Data entries:
========
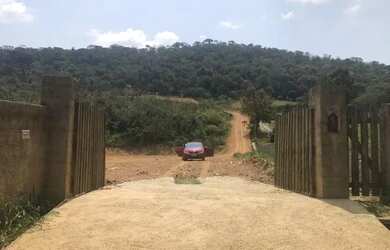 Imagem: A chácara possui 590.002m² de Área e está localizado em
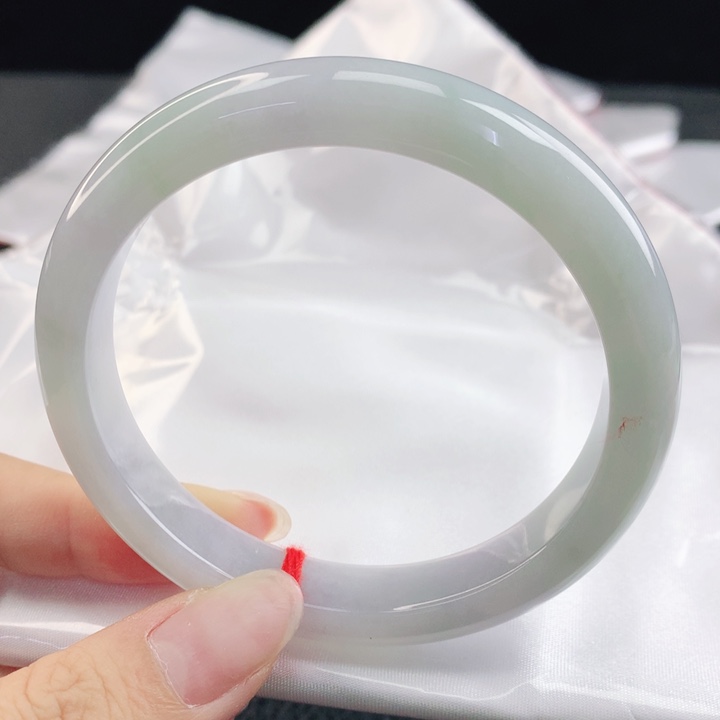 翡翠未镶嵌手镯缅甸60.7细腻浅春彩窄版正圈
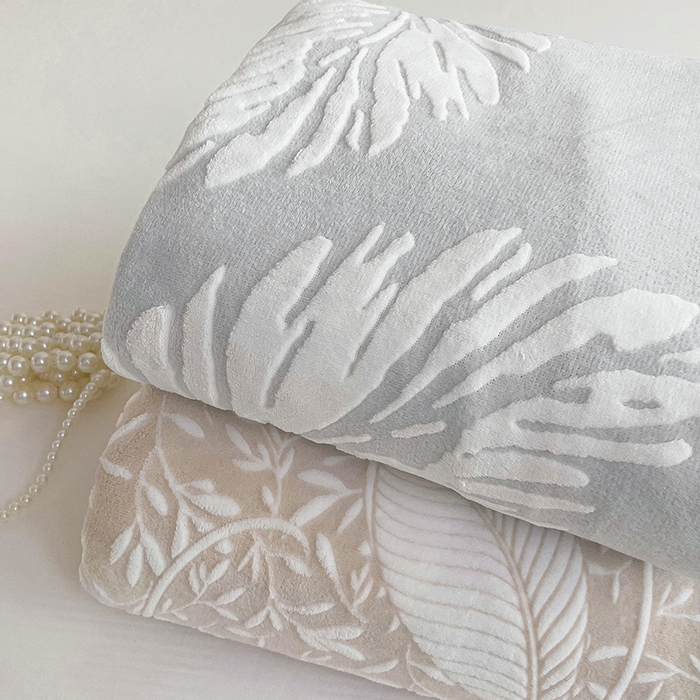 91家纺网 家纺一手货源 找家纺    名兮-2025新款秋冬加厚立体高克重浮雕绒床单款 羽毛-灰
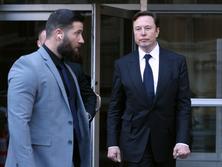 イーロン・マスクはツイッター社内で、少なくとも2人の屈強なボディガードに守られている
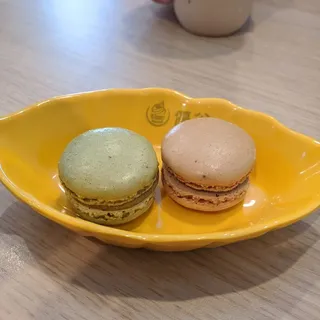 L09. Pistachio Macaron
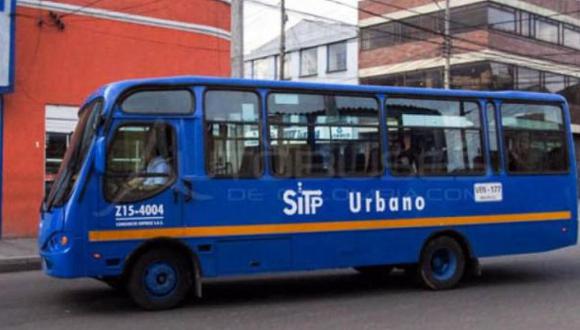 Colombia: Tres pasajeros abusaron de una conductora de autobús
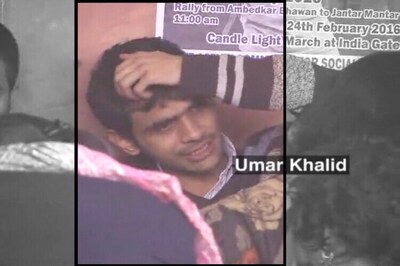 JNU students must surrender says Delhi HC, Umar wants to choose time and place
========
**Try it**.
With pictures left out, transcribe each line from the one containing "L09. Pistachio Macaron" through the end of the data, both ends included.

**Response area**.
 L09. Pistachio Macaron
 Colombia: Tres pasajeros abusaron de una conductora de autobús
 JNU students must surrender says Delhi HC, Umar wants to choose time and place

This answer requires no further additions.